An example of this would be anger or desire which both contain unified focusses of attention, but also contain delusion and hindrances as factors of that unification. Maturity of meditative attention contains no delusion, no hindrances and an inherent tendency towards letting go, not grasping.
Question: How would you describe the non-unified state versus the unified state of mind?
Stephen:
Question: Is unification 100% a good thing or are there downsides?
Stephen: Unification of hindrances is not 100% a good thing leads to addiction within the mind and further embeds delusion.
Meditative unification is beneficial in all ways and each degree of meditative unification has its own benefits.
The only downside is that certain types of mediative unification shut down the functioning of the mind and the six sense fields, so while they are beneficial to calm and tranquility, they can hinder insight which requires the six sense fields to be observed function habitually.
Question: What specifically can be done to cultivate this enlightenment factor?
Stephen: Develop the habitual tendency within your mind towards the previous five Enlightenment Factors sequentially until your mind includes them as factors within your attention itself.
The best way to do this is to do intentional mental training each day in seated meditation with the intention of accessing and strengthening whatever factors are weak within your mind.
Question: How does curiosity factor into this?
Stephen: Without curiosity mindfulness can remember present experience but no understand will develop and the mind will continue to follow old patterns.
Mindfulness is the headlights on the car and curiosity is the driver, all meditators that develop deep insight have the quality of curiosity strong within their minds. Absence of curiosity can also be clearly observed in meditators whose practice is stuck and just circling in habitual patterns.
Question: Is very stable attention a pre-requisite?
Stephen: No, stability of attention is a result of tranquility, and is not a prerequisite for insight. It does however enhance it.
Continuity of meditative attention to the various degrees, as discussed above, is a prerequisite, with a minimum of the first three Enlightenment Factors: mindfulness, curiosity and effort towards letting go.

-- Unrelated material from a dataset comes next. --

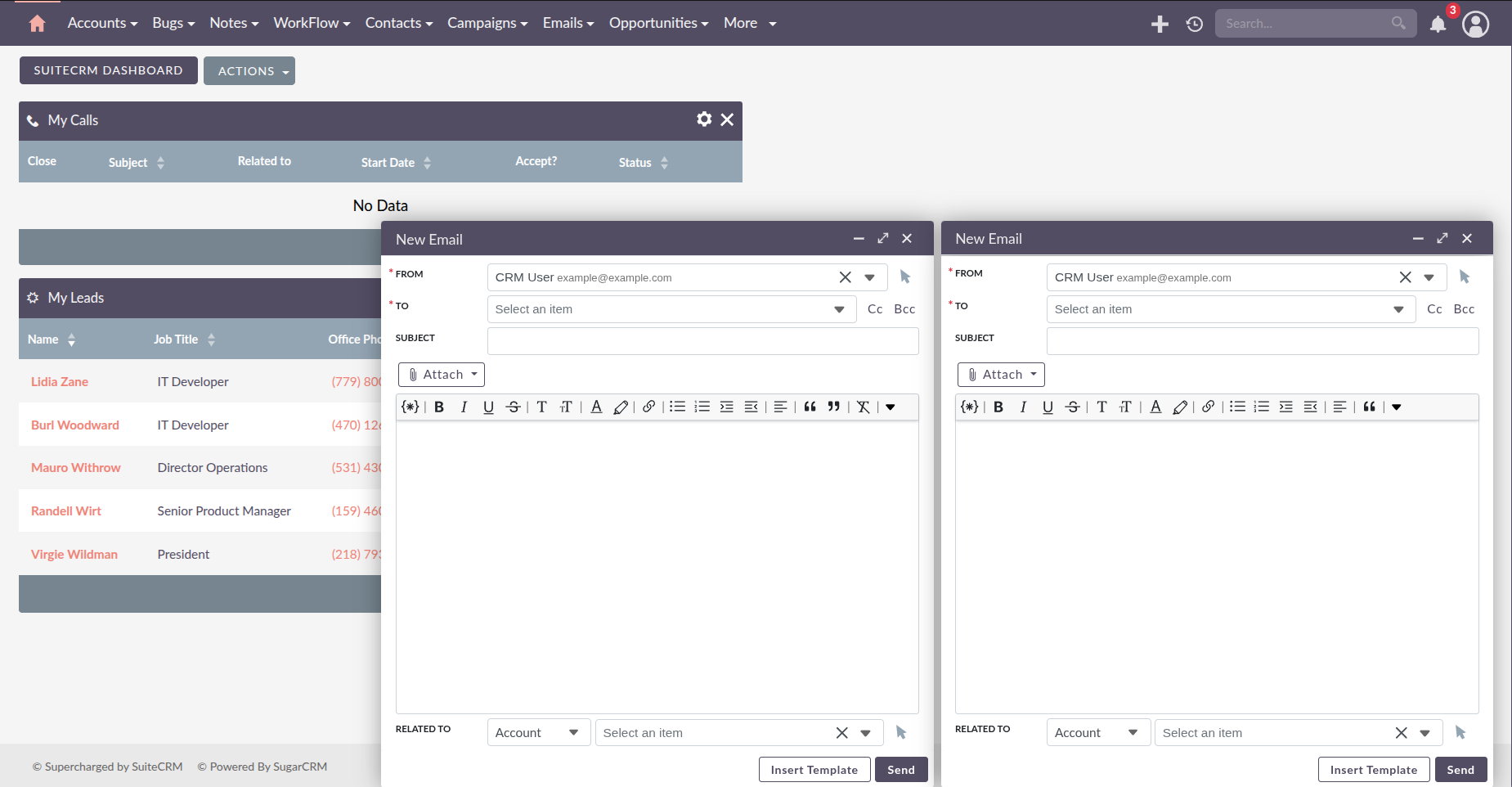 Multiple compose modals open simultaneously at the bottom of the screen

Question: Is there a "brick built upon brick" effect necessary for the enlightenment factors, e.g. you need the first 5 to get the 6th?
Stephen: In terms of meditative samadhi containing the Enlightenment Factors: yes.
It is important to note that it is possible to bypass the factors of joy and tranquility and develop a type of unification, by cultivating attention through effort rather than through letting go.
Question: Is this factor relatively stable once you have become skilled at cultivating it; e.g. is it stable and reliable after months of momentum of bringing it up, or does it come and go rapidly?
Stephen: It is important to clarify that when we are talking about the unification of meditative samadhi we are not just talking about one type but rather the unification of samatha: calm/tranquility, the unification of vipassana: insight/wisdom, and the unification of sila: harmony/letting go.
The mind naturally cycles through these as part of the path.
So, while the meditative factors of unification become stable and firm in various degrees (how many factors are present within attention) along the meditative path, the structure of that meditative attention naturally changes form as it cycles between the Noble Eightfold Path groups of panna, sila and samadhi.
EG; the meditator is not walking around in samatha-based absorption throughout the day, either vipassana or sila based is necessary: khanika (momentary) or nirvikalpa (objectless: letting go).